- Country: United Kingdom
- Region: northern North Sea
- Location/block: 2/5
- Offshore/onshore: Offshore
- Coordinates: 60°57′13″N 00°56′23″E﻿ / ﻿60.95361°N 0.93972°E
- Operators: Unionoil, Unocal, DNO, Lundin, Enquest
- Owner: See text

Field history
- Discovery: 1973
- Start of production: 1978
- Peak of production: 1982

Production
- Recoverable oil (million tonnes): 14.1
- Producing formations: Jurassic sandstone

= Heather oil field =

Crude oil field in the UK

The Heather oil field is a significant crude oil producing field in the UK sector of the northern North Sea, 458 km north-north-east of Aberdeen. Production of oil started in 1978 and ceased in 2019. The Heather Alpha installation is currently (2021) undergoing decommissioning.

== The field ==
The Heather oil field is located in Block 2/5 of the UK North Sea. It is named after the plant that grows extensively on Scottish moors. The Heather field was discovered in December 1973 and comprises a middle Jurassic sandstone at a depth of 9,800 to 11,750 feet (2,9873 to 3,581 m). The reservoir and its fluids had the following characteristics:

Heather reservoir fluids
| Parameter | Value |
|---|---|
| Porosity | 1.7-19.3 % |
| Water saturation | 21.4-56.3 % |
| API gravity | 35°API |
| Gas Oil Ratio | 650 standard cubic feet/barrel |
| Sulfur content | 0.7 % |
| Recoverable reserves | 90-120 million barrels, 14.1 million tonnes |

== Owners and operators ==
The initial owners of the field were a consortium comprising Unionoil Company of Great Britain (31.25%), Texaco North Sea UK Ltd (31.25%), Tenneco Great Britain Ltd (31.25%), and DNO (UK) Ltd. (6.25%). The field was operated by Unionoil Company of Great Britain.

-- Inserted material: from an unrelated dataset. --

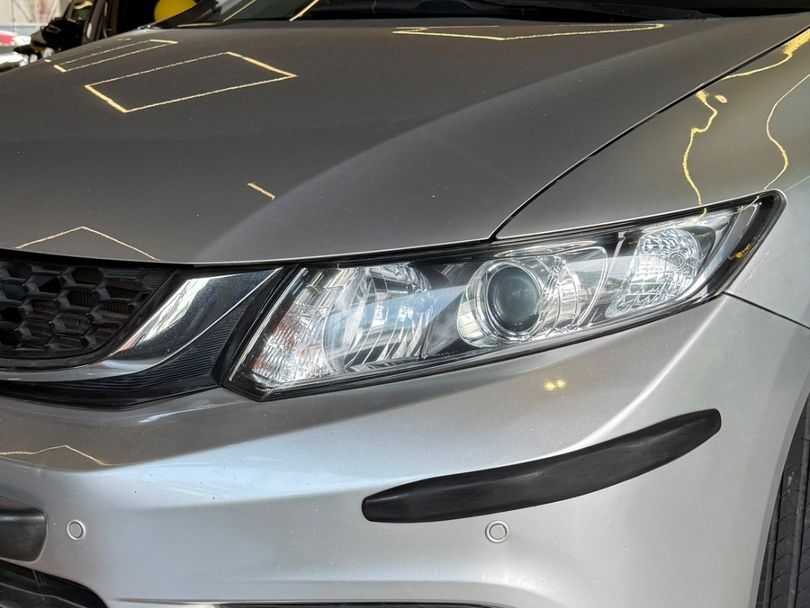 Honda Civic Sedan LXR 2.0 Flexone 16V Aut. 4p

In 1994 the owners were BG Great Britain Limited (31.25%), Texaco Exploration Ltd (31.25%), Unocal Britain Ltd (31.25%), and DNO (Heather Oilfield) Ltd (6.25%). The operator was Unocal. In 1999 DNO became the operator, then Lundin from 2008, and finally Enquest.

== Development ==
The field was developed by a single integrated drilling, production and accommodation platform: Heather Alpha (Heather A). The principal design data of the Heather A platform is given in the following table.

Heather A platform design
| Installation | Heather A |
| Coordinates | 60°57’13”N 00°56’23”E |
| Water depth, metres | 143 |
| Fabrication substructure | McDermott, Ardersier |
| Topsides design | McDermott |
| Topside weight, tonnes | 22,000 |
| Function | Drilling, production, accommodation |
| Accommodation (crew) | 180 |
| Type | Steel jacket |
| Legs | 8 |
| Piles | 24 |
| Well slots | 40 |
| Throughput oil, barrels per day (bpd) | 60,000 |
| Water injection, bpd | 100,000 |
| Platform installed | June 1977 |
| Production start | October 1978 |
| Oil production to | Ninian Central |
| Gas production to | Used onboard for gas lift and fuel gas |

=== Processing ===
The wellhead fluids flowed via the production manifold to the 3-phase Production Separator which operated at 65 psi (448 kPa). From the Separator oil was routed to another 3-phase Production Separator operating at a lower pressure of 35 psi (241 kPa). Oil then flowed to the crude booster pumps, through oil metering then by 32 km 16-inch pipeline to Ninian Central and thence to Sullom Voe. Produced water from the separators was treated by hydrocylones and a compact flotation unit (CFU) to remove oil prior to overboard discharge. Vapour from the Production Separators was compressed, dried by TEG (triethylene glycol) and further compressed to 325 psi (2,241 kPa) for use as fuel gas and up to 1,480 psi (10,204 kPa) for gas lift. In 1985 a connection was made to the Western leg gas pipeline, a 6-inch pipeline imported gas into Heather to augment gas supplies. Import gas flowed to an Import Gas Knockout Drum, through metering and to an Import Gas Heater.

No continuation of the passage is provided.